KÜFÜRSÜZ DE KOMEDİ OLABİLİYOR İŞTE

“Eyyvah Eyvah” geçen yılın sürprizi idi, komikti, romantikti, sempatikti, dinamikti. Hem beğenildi hem de gişede karşılığını aldı. Film, yaklaşık 2,5 milyon kişiyi sinemaya çekti. Şimdi sırada Eyyvah Eyvah 2” var ve bence ilk filmden bile daha iyi. Üstelik üçe, beşe, yediye uzatmadan, tadında bırakarak son noktayı koymuşlar, isteseler İvedik serisi gibi yine ve yeniden devam filmi çekebilirlerdi. Evet, para her şey değildir ve istismara hiç gerek yoktur, bel altına inmedikleri, küfür ile güldürme ucuzluğuna düşmedikleri için film ekibini tebrik etmek gerekir. Eyyvah Eyvah 2, Türkiye’de 300, Avrupa’da da 100 kopyayla gösterime girdi.

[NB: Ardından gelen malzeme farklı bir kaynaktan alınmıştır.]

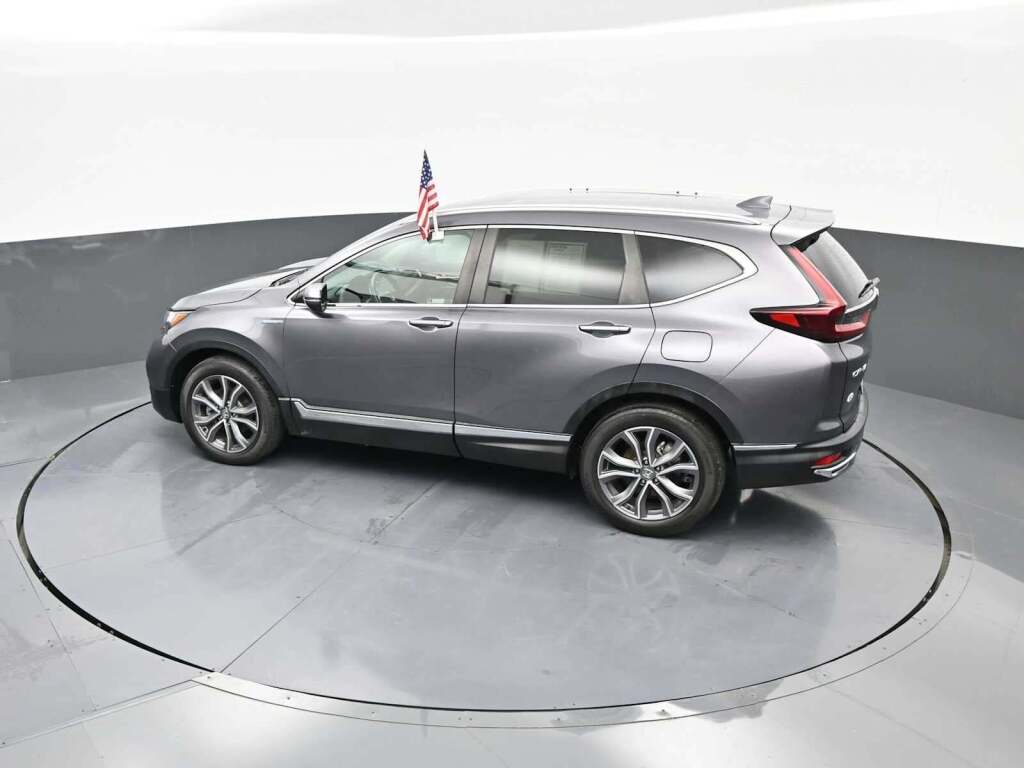 2021 Honda CR-V Hybrid Touring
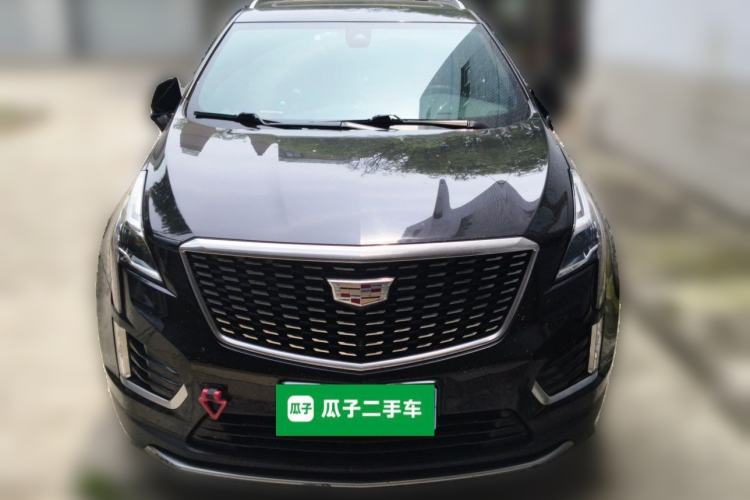 Used Cadillac XT5 2020 Revised Version 28T Luxury Edition Front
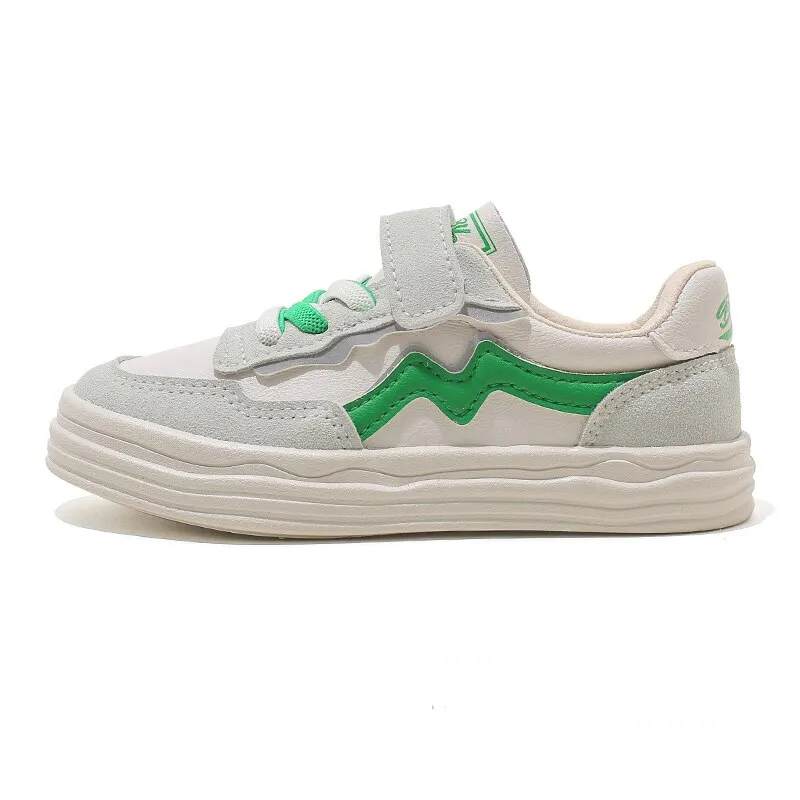 Victor Boys' Casual Sneaker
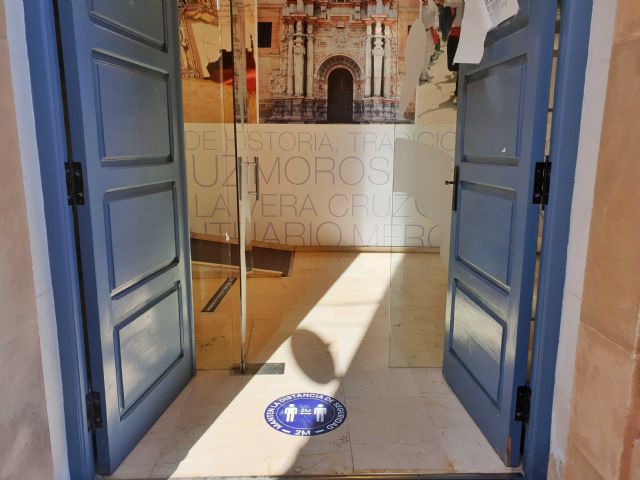 El personal de Turismo y de la Red de Museos de Caravaca ha participado en un plan de formación online para actualizar conocimientos y conocer el protocolo de seguridad - 3, Foto 3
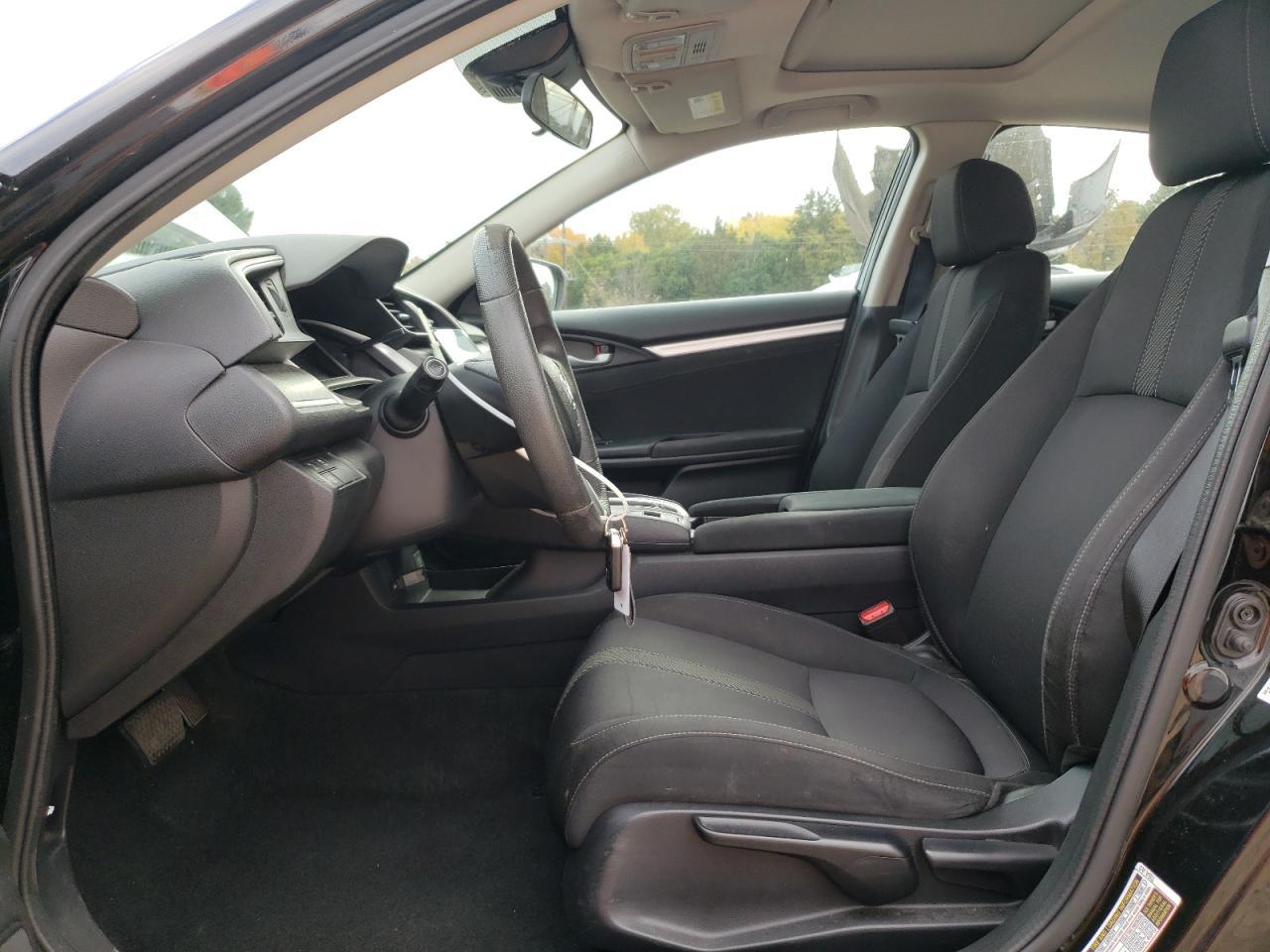 2016 HONDA CIVIC EX - Фото 7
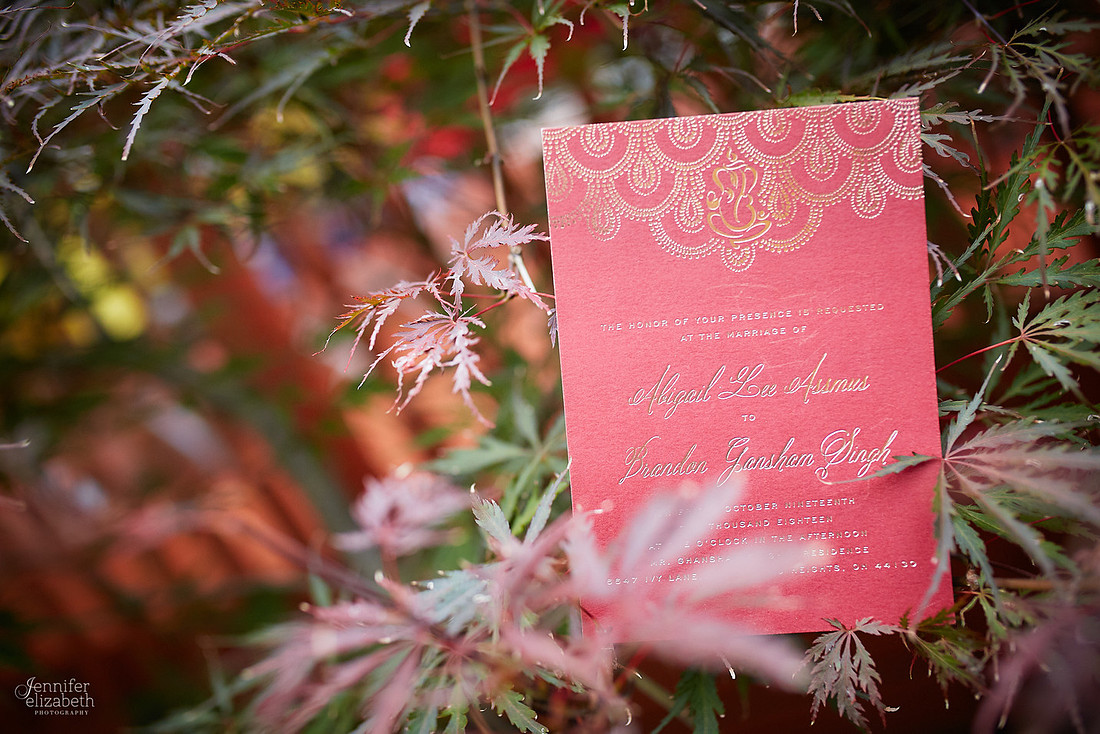 Abby & Brandon: Hindu Wedding at the Metropolitan at the 9 in Cleveland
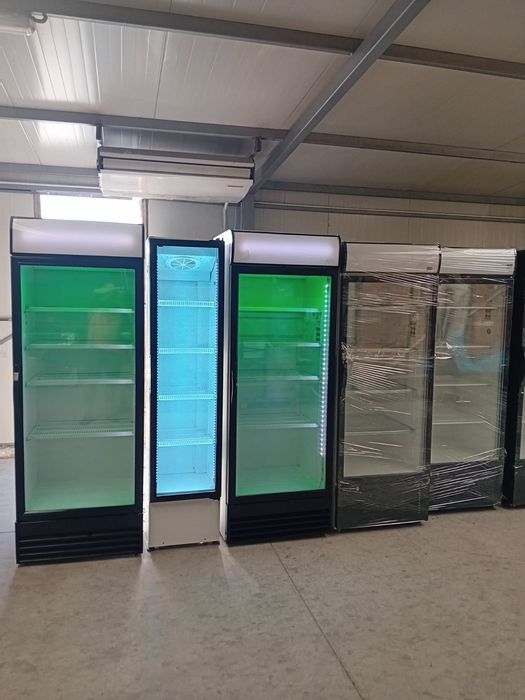 Хладилни Витрини- гр. Пловдив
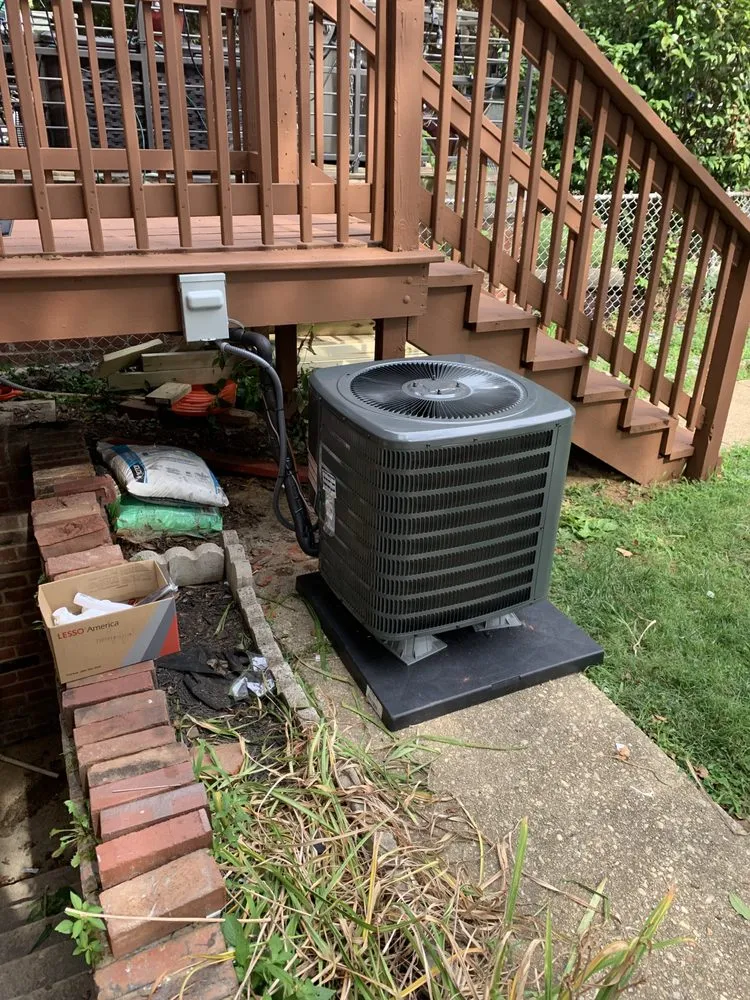 Slide of Holy Spirit Heating & Cooling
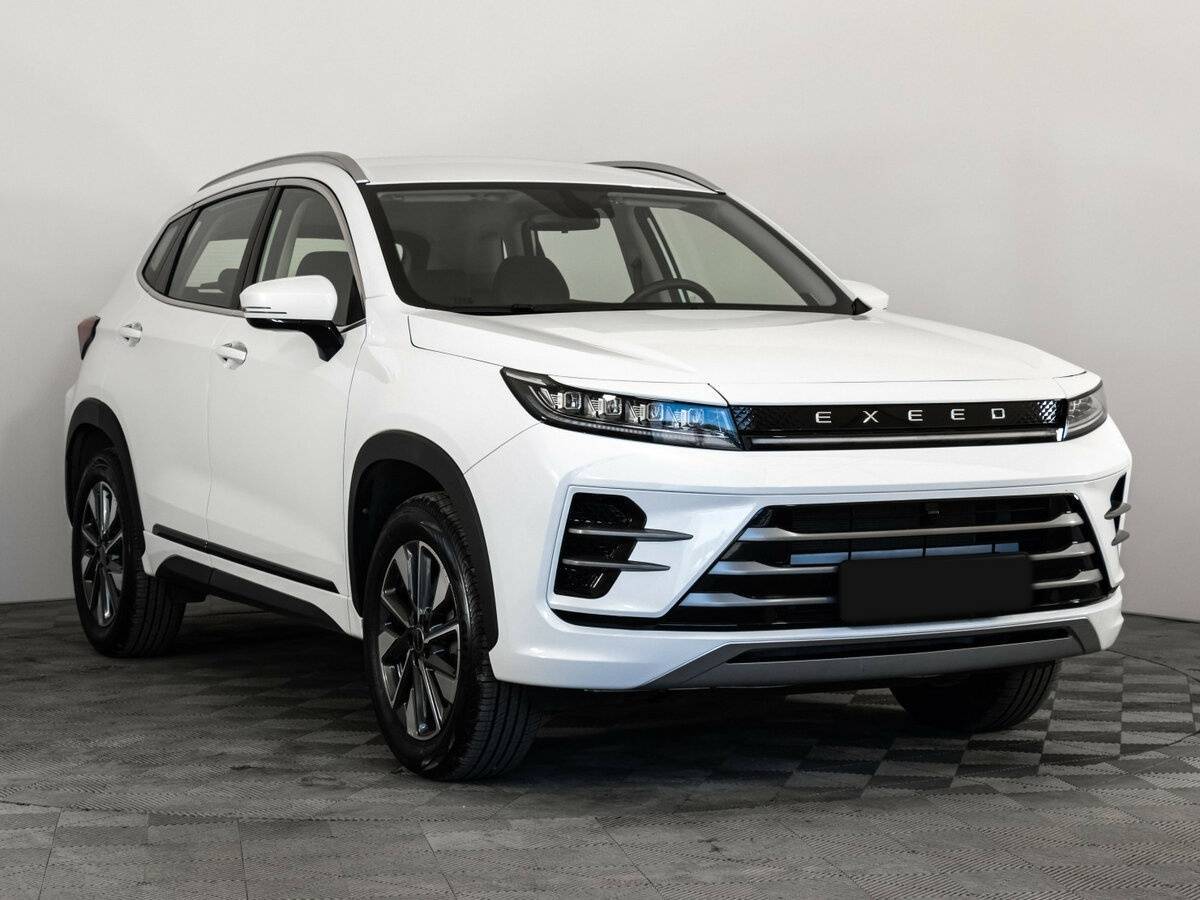 Exeed LX, 2023 - 10 181 км. | Фото №3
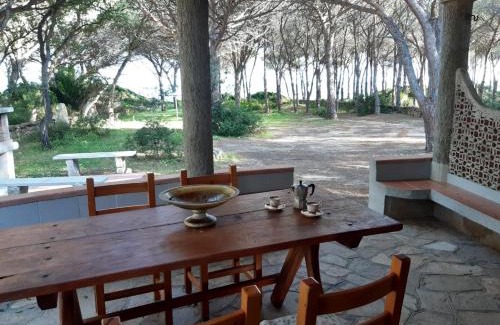 Matta 'e Peru House | VILLA SULLA SPIAGGIA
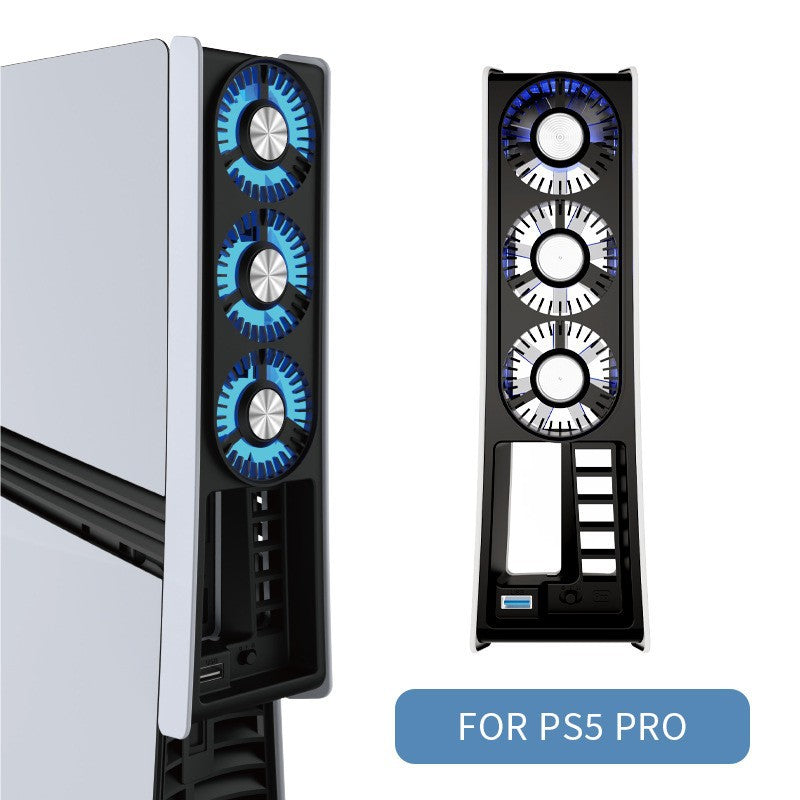 PS5 Console Rear Cooling Fan
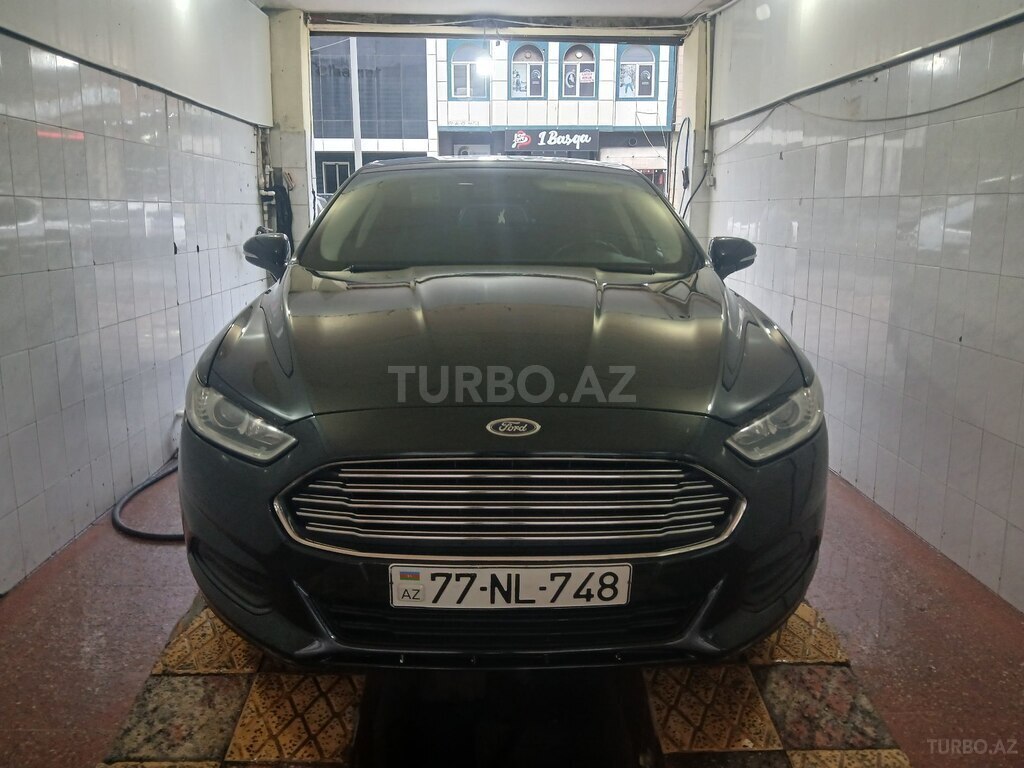 Ford Fusion (North America)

Bu BKM projesinde, senaryo Ata Demirer’e, yönetmenlik koltuğu ise Hakan Algül’e ait. Belli başlı rollerde Demet Akbağ, Ata Demirer, Özge Borak, Salih Kalyon, Tanju Tuncel, Tarık Ünlüoğlu, Ayşi Nil Şamlıoğlu, Meray Ülgen, Hande Dane ve Alican Yücesoy var. Ana karakterler olsun yan roller olsun hiçbiri sırıtmıyor, finale doğru “Trakyalı Şrek”in, yavuklusunu kurtarma bölümü biraz uzun tutulmuş ama ufak tefek aksaklıklara karşın bu film, gülmek ve eğlenmek adına şık bir seçim. İddiasız ve fazla kasmayan bir öykü, müzikler, espriler, komik tipler, Geyikli, Bozcaada ve dahası. Sımsıcak bir film bu, izleyeni mutluluk ve güzel bir gülümsemeyle uğurluyor. Seyretmeli.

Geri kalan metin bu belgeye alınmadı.